Карина Барышева задумала резать вены из-за несчастной любви. Готовилась всерьез. Все знали, и все понимали, что отговаривать ее бессмысленно: то же самое, что тушить словами пылающий факел. А Карина пылала и готовилась сгореть дотла.

Как обо всем узнала Антонина – бог весть! Никто никогда не признался. А может, со своим поразительным чутьем она выхватила из ноосферы этот образ: Карина, истекающая кровью в уборной. У Барышевой все было продумано. Дома нельзя, там трое младших, суматоха, в туалете не запрешься дольше чем на десять минут. На ванной вообще нет задвижки. А в Доме творчества имеются кабинки для персонала, она и ключ утащила заранее…

Как бы там ни было, Мартынова после занятия попросила Карину остаться.

Позже Анаит думала: она ведь могла сплавить это на Каринкину школу. Поговорить с директрисой, с психологом. С родителями, в конце концов, хотя вреда от этого было бы больше, чем пользы… В общем, предпринять все то, что предпринимают обычно взрослые люди, чтобы потом печально сказать: «Совесть моя чиста, я сделал все, что мог».

Но Мартынова никогда не пускала на самотек то, что касалось ее детей.

Она решилась на невозможный, возмутительный поступок. Пятнадцатилетнюю Карину Мартынова отвела к знакомому тату-мастеру, где несовершеннолетней школьнице сделали татуировку.

Карина после говорила, что это было так больно, словно ей не протыкали кожу, а медленно сдирали с лодыжки.

Она орала, плакала, хватала Мартынову, которая все время стояла рядом с ней, как медсестра при хирурге, за руку, а когда встала с кресла, едва держась от слабости на ногах, из ее головы вылетели не только мысли о самоубийстве, но и о том ничтожестве, которое было их причиной. Вытатуировали ей не цветочки, не бабочек или дельфинов, а злобного варана с раздвоенным языком, чей хвост обвивал лодыжку, а из спины росли шипы.

Узнай об этом кто-то из начальства или коллег, Мартынову вышибли бы отовсюду.
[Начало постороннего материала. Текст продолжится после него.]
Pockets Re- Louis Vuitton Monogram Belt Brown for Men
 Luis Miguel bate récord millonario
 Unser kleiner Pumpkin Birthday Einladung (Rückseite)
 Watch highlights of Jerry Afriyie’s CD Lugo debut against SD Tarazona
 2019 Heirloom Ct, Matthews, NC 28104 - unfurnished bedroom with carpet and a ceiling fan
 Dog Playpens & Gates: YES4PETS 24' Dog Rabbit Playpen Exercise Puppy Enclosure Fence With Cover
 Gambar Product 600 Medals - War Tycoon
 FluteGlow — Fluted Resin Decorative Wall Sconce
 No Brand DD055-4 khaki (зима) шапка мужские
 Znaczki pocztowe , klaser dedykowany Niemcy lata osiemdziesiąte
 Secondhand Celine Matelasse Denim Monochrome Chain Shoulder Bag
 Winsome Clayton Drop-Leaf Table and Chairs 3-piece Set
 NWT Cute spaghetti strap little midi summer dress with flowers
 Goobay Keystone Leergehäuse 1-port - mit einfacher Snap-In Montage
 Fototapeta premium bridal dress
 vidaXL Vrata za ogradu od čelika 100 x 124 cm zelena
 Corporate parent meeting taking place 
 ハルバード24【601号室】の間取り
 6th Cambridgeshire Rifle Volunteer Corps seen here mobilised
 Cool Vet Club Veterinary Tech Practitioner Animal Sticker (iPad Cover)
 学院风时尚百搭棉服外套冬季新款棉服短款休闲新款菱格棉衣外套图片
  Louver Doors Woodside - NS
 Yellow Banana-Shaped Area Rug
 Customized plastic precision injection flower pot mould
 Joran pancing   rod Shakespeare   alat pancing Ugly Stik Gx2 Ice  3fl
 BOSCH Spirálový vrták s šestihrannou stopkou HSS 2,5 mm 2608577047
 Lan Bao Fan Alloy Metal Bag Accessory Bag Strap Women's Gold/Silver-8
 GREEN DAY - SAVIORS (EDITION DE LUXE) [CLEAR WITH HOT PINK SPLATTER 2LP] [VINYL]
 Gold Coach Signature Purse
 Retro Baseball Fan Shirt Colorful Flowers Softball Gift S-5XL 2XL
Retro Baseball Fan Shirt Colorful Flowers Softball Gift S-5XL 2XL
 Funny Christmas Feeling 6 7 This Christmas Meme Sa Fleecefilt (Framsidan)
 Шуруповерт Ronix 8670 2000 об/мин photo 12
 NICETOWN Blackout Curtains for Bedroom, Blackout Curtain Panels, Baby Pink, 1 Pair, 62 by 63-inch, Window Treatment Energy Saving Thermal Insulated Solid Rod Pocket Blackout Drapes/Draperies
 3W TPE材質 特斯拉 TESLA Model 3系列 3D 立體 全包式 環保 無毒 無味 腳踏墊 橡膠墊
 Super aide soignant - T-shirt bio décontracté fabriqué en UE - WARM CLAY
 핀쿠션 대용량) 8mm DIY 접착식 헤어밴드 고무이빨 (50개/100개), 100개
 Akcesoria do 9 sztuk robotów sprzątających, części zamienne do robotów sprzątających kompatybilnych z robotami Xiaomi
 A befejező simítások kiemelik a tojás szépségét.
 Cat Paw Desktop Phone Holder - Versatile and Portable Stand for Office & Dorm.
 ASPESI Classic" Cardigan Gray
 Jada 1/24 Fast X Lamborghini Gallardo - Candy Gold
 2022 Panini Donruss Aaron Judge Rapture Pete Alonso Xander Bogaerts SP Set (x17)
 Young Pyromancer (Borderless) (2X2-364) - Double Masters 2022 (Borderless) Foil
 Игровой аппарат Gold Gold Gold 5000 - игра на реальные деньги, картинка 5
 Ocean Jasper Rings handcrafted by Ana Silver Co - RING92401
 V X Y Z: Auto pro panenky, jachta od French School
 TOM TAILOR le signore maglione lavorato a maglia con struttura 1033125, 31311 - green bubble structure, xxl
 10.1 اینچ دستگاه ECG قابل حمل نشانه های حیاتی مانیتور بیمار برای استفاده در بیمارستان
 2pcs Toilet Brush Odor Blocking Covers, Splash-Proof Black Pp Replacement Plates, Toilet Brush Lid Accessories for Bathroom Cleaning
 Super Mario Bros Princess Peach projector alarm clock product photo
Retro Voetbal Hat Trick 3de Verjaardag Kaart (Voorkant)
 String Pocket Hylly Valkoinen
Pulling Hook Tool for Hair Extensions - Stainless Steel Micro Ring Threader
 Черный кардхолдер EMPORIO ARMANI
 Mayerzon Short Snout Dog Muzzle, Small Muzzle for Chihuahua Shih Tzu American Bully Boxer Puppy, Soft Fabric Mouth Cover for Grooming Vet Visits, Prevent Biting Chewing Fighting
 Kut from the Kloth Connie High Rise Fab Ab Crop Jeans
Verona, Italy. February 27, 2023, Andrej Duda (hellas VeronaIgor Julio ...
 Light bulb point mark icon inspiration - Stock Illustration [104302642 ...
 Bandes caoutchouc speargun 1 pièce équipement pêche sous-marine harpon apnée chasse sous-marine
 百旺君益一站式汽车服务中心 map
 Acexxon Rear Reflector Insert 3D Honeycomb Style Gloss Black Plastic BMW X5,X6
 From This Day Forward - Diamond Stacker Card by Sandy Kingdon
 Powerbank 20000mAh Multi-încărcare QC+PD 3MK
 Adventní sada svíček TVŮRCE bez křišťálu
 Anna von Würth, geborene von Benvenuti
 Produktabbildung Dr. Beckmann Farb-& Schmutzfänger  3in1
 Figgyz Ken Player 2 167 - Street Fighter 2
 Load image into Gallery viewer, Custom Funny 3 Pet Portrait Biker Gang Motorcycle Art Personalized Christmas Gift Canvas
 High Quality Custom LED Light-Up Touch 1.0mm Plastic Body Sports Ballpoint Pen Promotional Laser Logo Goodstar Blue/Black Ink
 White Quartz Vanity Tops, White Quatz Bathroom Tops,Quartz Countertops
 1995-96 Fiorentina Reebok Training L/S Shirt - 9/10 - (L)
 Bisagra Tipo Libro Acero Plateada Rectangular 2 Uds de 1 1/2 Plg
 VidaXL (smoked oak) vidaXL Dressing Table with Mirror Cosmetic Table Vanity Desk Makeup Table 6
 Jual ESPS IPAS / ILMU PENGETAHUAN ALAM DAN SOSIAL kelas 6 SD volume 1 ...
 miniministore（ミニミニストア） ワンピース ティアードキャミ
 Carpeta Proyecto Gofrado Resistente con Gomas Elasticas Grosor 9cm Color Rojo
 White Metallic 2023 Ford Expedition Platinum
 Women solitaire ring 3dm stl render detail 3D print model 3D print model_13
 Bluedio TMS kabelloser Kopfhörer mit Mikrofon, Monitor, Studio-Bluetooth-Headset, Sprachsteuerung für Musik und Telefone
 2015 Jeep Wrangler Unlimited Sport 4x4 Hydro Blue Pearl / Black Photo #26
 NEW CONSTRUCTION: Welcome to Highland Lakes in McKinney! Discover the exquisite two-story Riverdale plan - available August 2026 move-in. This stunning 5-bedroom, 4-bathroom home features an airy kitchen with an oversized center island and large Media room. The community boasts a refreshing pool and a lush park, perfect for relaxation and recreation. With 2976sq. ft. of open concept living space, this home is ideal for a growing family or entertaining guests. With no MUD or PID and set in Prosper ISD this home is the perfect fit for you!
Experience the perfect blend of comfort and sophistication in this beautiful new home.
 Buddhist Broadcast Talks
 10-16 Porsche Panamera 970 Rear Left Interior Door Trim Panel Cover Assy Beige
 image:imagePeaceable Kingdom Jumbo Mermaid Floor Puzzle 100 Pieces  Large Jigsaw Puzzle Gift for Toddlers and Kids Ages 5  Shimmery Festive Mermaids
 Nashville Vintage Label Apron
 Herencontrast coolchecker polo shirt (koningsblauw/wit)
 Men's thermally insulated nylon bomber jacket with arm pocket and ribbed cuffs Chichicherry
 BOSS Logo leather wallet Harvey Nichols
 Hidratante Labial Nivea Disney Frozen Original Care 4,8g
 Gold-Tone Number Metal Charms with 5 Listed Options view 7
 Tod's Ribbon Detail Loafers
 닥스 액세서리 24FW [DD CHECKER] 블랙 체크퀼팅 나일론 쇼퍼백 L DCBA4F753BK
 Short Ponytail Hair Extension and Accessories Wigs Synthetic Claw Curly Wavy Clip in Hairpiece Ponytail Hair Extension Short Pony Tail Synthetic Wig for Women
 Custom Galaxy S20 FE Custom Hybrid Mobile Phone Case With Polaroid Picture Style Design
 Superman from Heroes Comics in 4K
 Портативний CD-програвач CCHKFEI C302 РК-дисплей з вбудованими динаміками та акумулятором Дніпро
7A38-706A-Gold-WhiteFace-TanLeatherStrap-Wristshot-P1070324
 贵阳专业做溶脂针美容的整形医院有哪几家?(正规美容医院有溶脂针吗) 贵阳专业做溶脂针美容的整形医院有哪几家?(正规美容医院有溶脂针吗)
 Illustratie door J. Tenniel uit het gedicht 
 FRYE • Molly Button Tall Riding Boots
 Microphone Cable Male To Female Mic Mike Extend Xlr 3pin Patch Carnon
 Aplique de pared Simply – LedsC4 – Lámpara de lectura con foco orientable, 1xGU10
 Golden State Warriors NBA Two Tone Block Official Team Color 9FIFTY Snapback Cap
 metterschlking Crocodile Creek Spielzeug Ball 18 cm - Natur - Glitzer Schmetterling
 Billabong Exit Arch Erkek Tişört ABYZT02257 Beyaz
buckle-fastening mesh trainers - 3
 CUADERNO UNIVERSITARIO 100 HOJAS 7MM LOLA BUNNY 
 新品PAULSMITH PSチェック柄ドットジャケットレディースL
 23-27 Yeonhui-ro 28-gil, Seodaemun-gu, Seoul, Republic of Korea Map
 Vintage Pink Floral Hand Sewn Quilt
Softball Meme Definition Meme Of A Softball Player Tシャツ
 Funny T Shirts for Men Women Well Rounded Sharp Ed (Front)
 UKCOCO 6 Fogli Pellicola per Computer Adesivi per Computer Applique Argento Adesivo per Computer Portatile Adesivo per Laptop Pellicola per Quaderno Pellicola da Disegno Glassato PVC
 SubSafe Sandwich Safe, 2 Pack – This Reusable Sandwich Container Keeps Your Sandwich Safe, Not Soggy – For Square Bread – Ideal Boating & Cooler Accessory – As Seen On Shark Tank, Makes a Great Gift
А с папаши Барышевой сталось бы подать заявление – и кто бы его осудил! Страшно рисковала Антонина, устраивая это… членовредительство! Так бы его и назвали девяносто девять взрослых из ста, и были бы правы, правы!

Только вот от их правоты Каринке ни горячо, ни холодно. А татуировка ее спасла.

Правда, до восемнадцати лет предстояло забыть о голых ногах, коротких носочках и юбочках. С другой стороны, эти восемнадцать лет впервые с момента крушения ее любви нарисовались в перспективе. И когда папаша в очередной раз попытался дать оплеуху старшей дочери, Карина разбила ему скулу, пригрозила полицией, и Барышев-старший притих. Потому что такие типы всем нутром чуют, кого охраняет шипастая тварь с раздвоенным языком, а кого нет.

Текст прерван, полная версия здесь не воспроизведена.